The European Central Bank (ECB) has reiterated its negative stance on cryptocurrencies, particularly Bitcoin, in a recent blog post titled “ETF approval for Bitcoin—the naked emperor’s new clothes.”
The post, authored by Ulrich Bindseil, the Director General of the ECB’s Market Infrastructure and Payments division, and Jürgen Schaaf, an adviser to the same division, criticizes the recent approvals of Bitcoin exchange-traded funds (ETFs) by U.S. regulators.
ECB Officials Say Bitcoin Lacks Intrinsic Value Still
According to the ECB officials, the approval of Bitcoin ETFs does not validate Bitcoin as a safe or valuable asset. They argue that the recent price surge in Bitcoin was fueled by speculation and lobbying rather than intrinsic value.
The ECB’s position is rooted in the belief that Bitcoin lacks intrinsic value since it does not generate income, cannot be used for productive purposes, and has no social or artistic merit.
Additionally, the ECB officials assert that Bitcoin has not fulfilled its promise of being a global, decentralized, and secure digital currency, citing issues such as high volatility, scalability challenges, security breaches, and environmental costs.

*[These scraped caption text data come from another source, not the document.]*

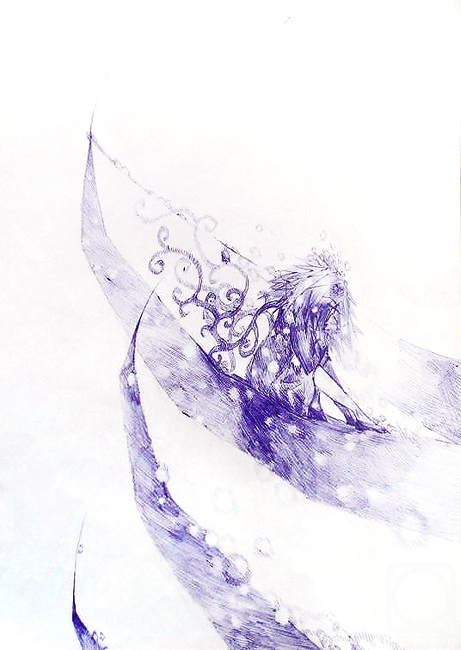 �������. ������� �����. ���������� ������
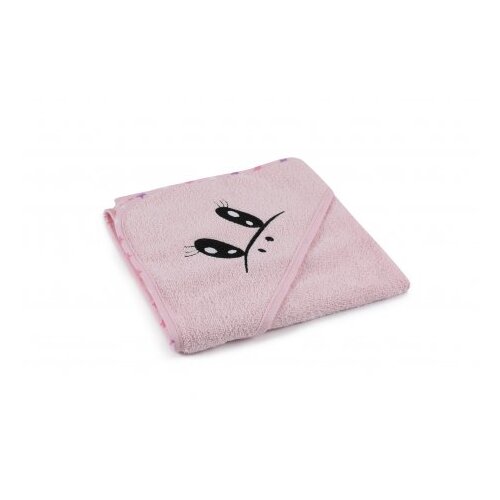 L&amp;#039;essentiel Maison unicorn pink set za kupanje Slike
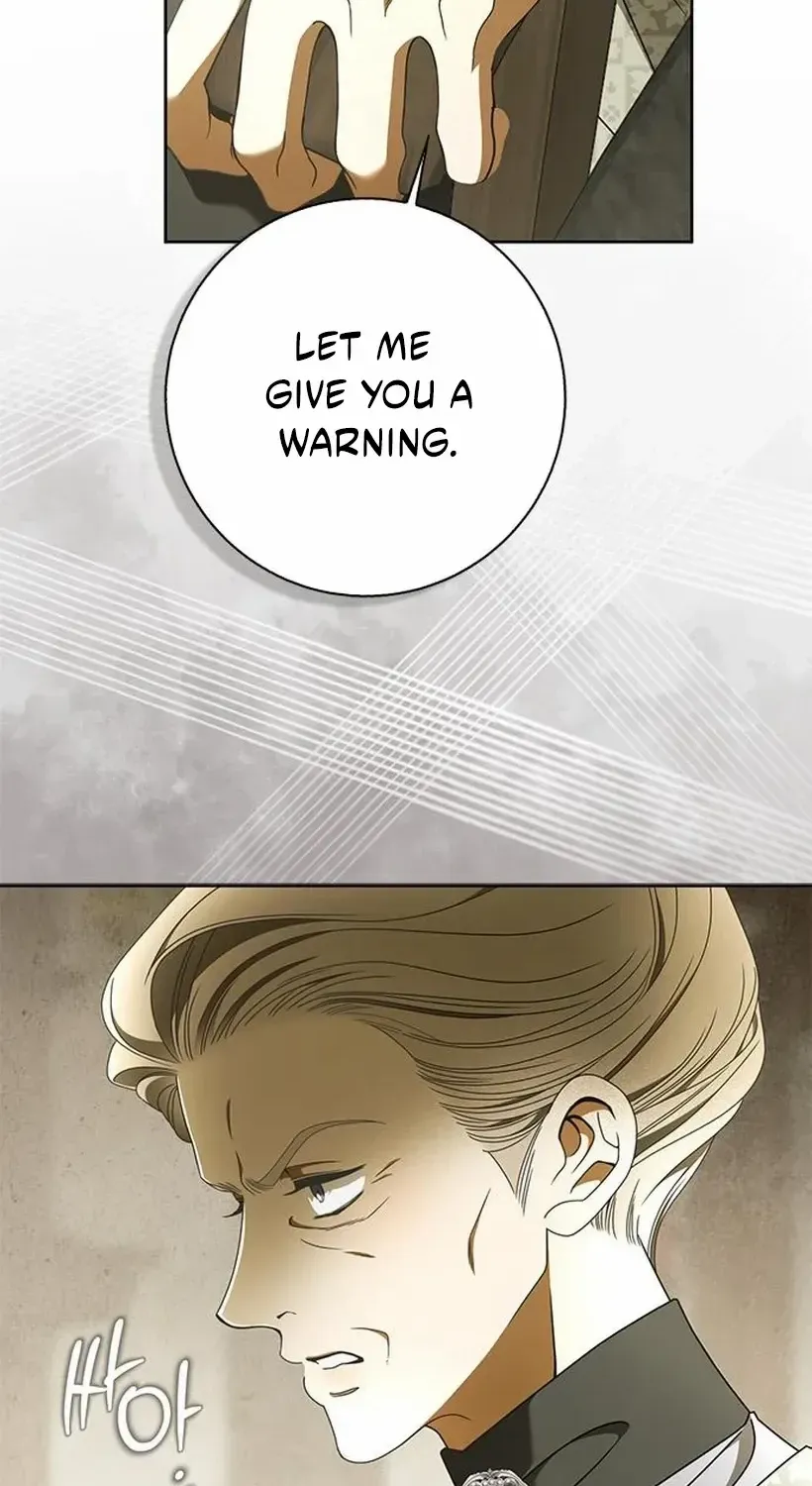 Read Miss Pendleton chapter 40 image 57 on Lezhin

The blog post concludes by emphasizing that the ECB is continuing its work on regulating and supervising Bitcoin and other cryptocurrencies.
The ECB urges authorities to remain vigilant and protect society from potential harms associated with crypto-related activities, including money laundering, cybercrime, financial losses, and environmental damage.
The ECB’s stance stands in contrast to the increasing interest and adoption of Bitcoin and other digital assets worldwide.
While the U.S. Securities and Exchange Commission (SEC) has approved several Bitcoin ETFs, seen as a sign of mainstream acceptance, critics argue that such ETFs could increase market volatility and manipulation, diverting attention from the development of underlying technology and innovation.